If you are planning on checking James out, I highly recommend the audio version. Dominic Hoffman gives a fantastic performance, and the verbal code switching is really something to hear.
A SUNNY PLACE FOR SHADY PEOPLE by Mariana Enriquez, translated from Spanish by Megan McDowell (2024)
Format: Paperback
Two things causes me to pick this book off the shelf. The first is that I’ve been eyeing off Mariana Enriquez’s absolute tome of a book, Our Share of Night for quite a while now, but as I’m so terrible at committing to books higher than 400 pages, I figured that dipping my toe into her writing via her short works might be more sensible.
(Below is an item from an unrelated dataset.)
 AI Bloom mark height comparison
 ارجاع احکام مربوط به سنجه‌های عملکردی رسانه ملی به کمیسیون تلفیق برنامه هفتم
The second is that gloriously trippy, gross cover, featuring art by Pablo Gerardo Camacho3.
A Sunny Place for Shady People is Enriquez’s third collection of short horror stories, and while none of the stories in this book directly relate to each other, they all (bar one set in Los Angeles) take place in Argentina post 2020. These are, almost across the board, ghost stories, with Argentina their haunted house. Each story is a character piece in which Enriquez paints a rich portrait of her (mostly female) protagonists, and in doing so, weaves a tapestry of everyday people doing their best to survive in a country beset with governmental corruption, institutionalised neglect, and in the aftermath of a pandemic that made everything worse. Her prose (translated beautifully by Megan McDowell, who also translates for the fascinating Samanta Schweblin) is rich and emotional, and incredibly effective at conveying information without bogging the reader down. By the time each story ends it feels like you’ve spent time with someone real, in someplace real, and the regret at moving on from them is only relieved by a lifting of dense foreboding. I read this collection straight through, and the breaks between stories are like coming up for air before plunging back down into a too-warm, too-reedy lagoon.
But for all their sense of dread, these horror stories aren’t, for the most part, particularly frightening. Enriquez doesn’t hasten to or linger over the grotesque. Her focus seems to be on the human element, on connection, on emotion, on grief. All are largely left open-ended, leaving you with questions, but also the tools to answer some of them. She’s a wonderfully pensive writer, a masterful character artist, and now I have to go and buy her giant bloody novel to see what she does with a long form narrative. Because, my god, is she brilliant with just a few pages.
CONTENT WARNINGS (taken from The Storygraph):
James: Slavery, Racism, Racial slurs, Rape, Violence, Murder, War, Child abuse, Fire/Fire injury
A Sunny Place for Shady People: Body horror, Death, Blood, Rape, Death of parent, Suicide, Forced institutionalisation, Animal death, Cancer
Please note: these books were written with adult readers in mind.
Not including the liberal yet undocumented number of books begun and abandoned for the following reasons: not being in the mood for said book, throwing said book down in frustration over a plot development, getting violently annoyed by the characters of said book, hating the writing style of said book, and/or forgetting that said book exists or that I ever started reading it.
This book and this review is speaking specifically to Black, or African American men, but as a white Australian it would feel remiss not to point out that this shitty justification has been peddled by white (and other) colonisers against many Black and Indigenous (or, in Australia’s case, Bla(c)k Indigenous) bodies across the globe.
My partner very politely asked me to stop leaving this book on the kitchen table because the cover gave him the jibblies. Oh, that the same could be said of every horror book.